Monday, November 15, 2010

Teaching Your Children To Sew

You readers know that I'm shocked by the lack of sewing instruction in schools -- and at home. While I've forgotten so much from my official home ec classes, I know how to do simple repairs -- but not many do.

Since I've been talking with artisan-crafter behind both I Sew Cute and As Luck Would Have It, I thought I'd ask her what she thought about it...

I realize as a crafter, you might want to sell finished product, but since you do sell those nifty patterns, I thought perhaps you could comment on this situation.

I grew up learning about sewing and knitting from my mom and Nana. My other grandma who didn't sew at all -- but she always encouraged me in my creativity. It was a good combination of watching and learning as well as being supported and encouraged. I was lucky to have that.

Since you have children, I'd also like to discuss crafting with children. Do you have an advice for teaching sewing at home? Any products, kits, etc., you'd recommend? For any/all ages.

To start kids off learning how to sew, I'd start them on lacing cards to get the hand coordination down as preschoolers.

Stringing beads is also a fine motor skill to prepare them for future sewing.



After lacing cards, I'd then move on to teaching them how to sew a button onto a piece of fabric, or sewing 2 pieces of fabric together by hand to make a simple pillow.

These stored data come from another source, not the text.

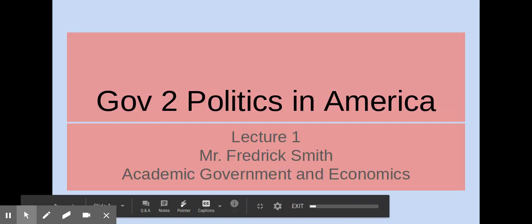Hello, once again this is Mr. Smith and I'm here with you for the Government 2 Politics in America unit. This is the first lecture for the academic class.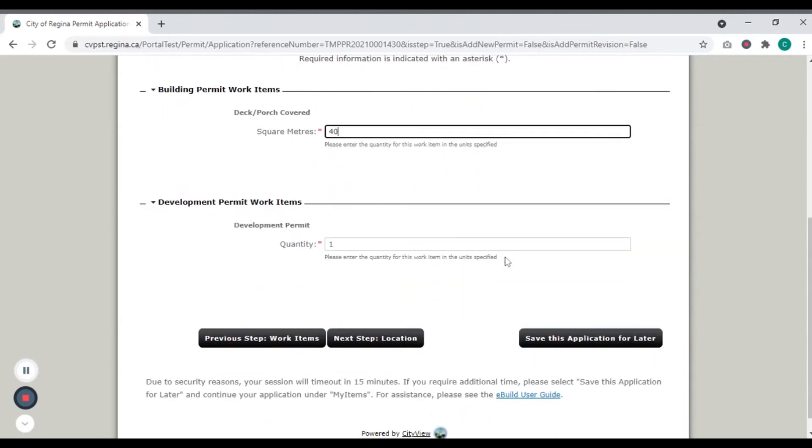Many applications include a building and zoning review, and you will be issued both a building and development permit upon approval. If a development permit is required, this field will auto-populate correctly. Click Next.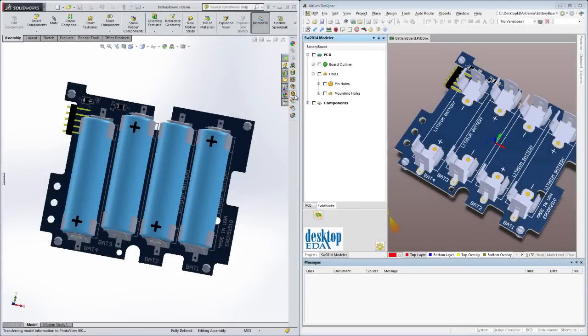True ECAD-MCAD collaboration can only be accomplished when both ECAD and MCAD engineers can see into each other's worlds.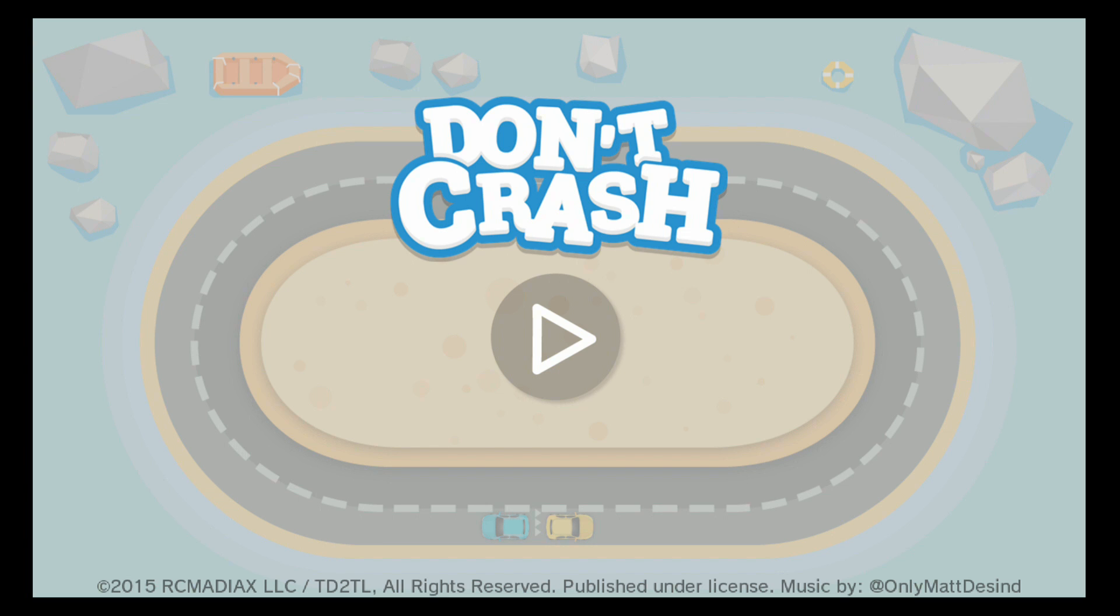Hey guys, what's up? It's me here, the Game Master, and today we are coming up with a brand new review of a game called Don't Crash. Simple as that.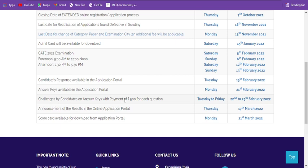If your challenge and option is correct, they will refund the 500 rupees to your bank. But if the option you gave is wrong and the answer key is right, you can't get your 500 rupees back - that money is gone.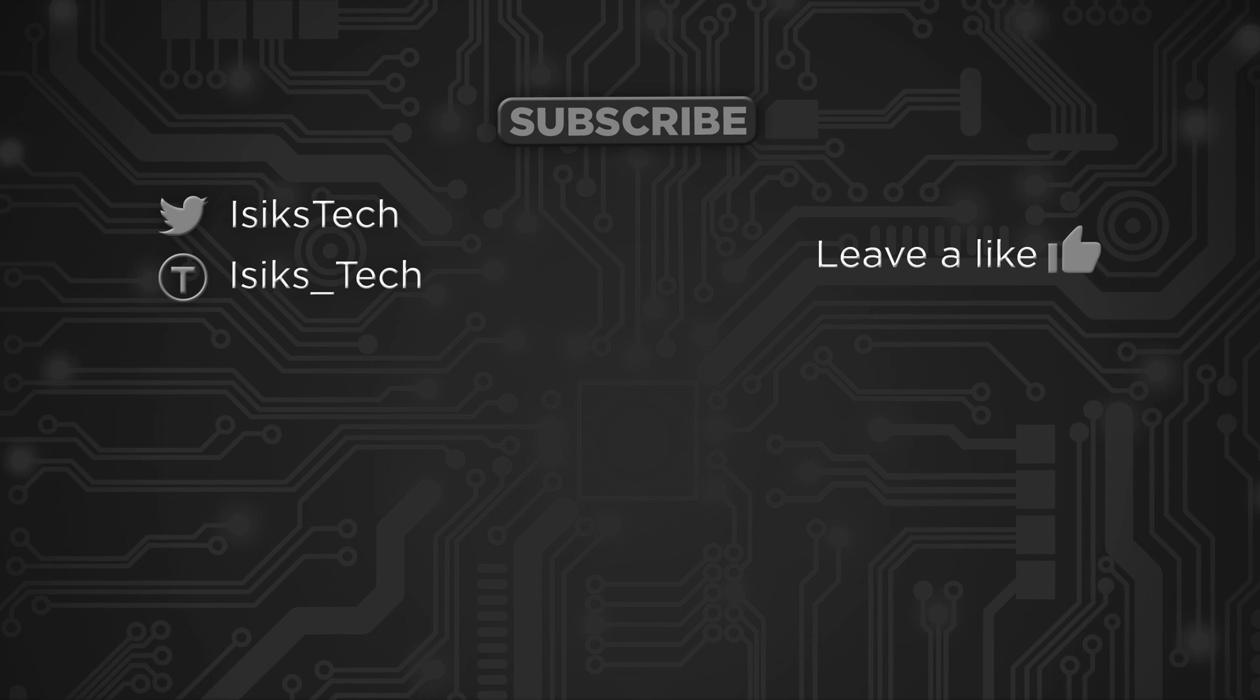But yeah as I said that's it for this video. So I hope you found this video useful. If you did please leave me a like down below and thanks for watching.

I don't believe sewing is just for girls either. My father and grandfather worked in leather and had heavy duty machines for sewing it. If my boy wants to sew, I'd encourage it!

What are the ages of your children? How many do you have?

I have a six year old boy and a four year old girl.



Aside from keeping them busy with creative activities (as opposed to passive entertainment like TV and video games), what other benefits do you see for children who make crafts and sew?

I know my kids are going to grow up to be happier people because of their love of working with their hands. The real benefits are they will never be bored, will have an outlet for expressing themselves, and will have satisfaction for contributing something to the world by using their creative voices, whatever they may be.

I think all children are naturally creative and it's up to us as parents to nurture that.


Not to mention, those kids will grow up able to sew their own buttons back on their shirts, mend a seam, or even hem a pair of jeans. And be able to teach their own children to do the same. *wink*

I'd like to thank June for spending so much time with me -- including sharing her vintage children's spoon collection!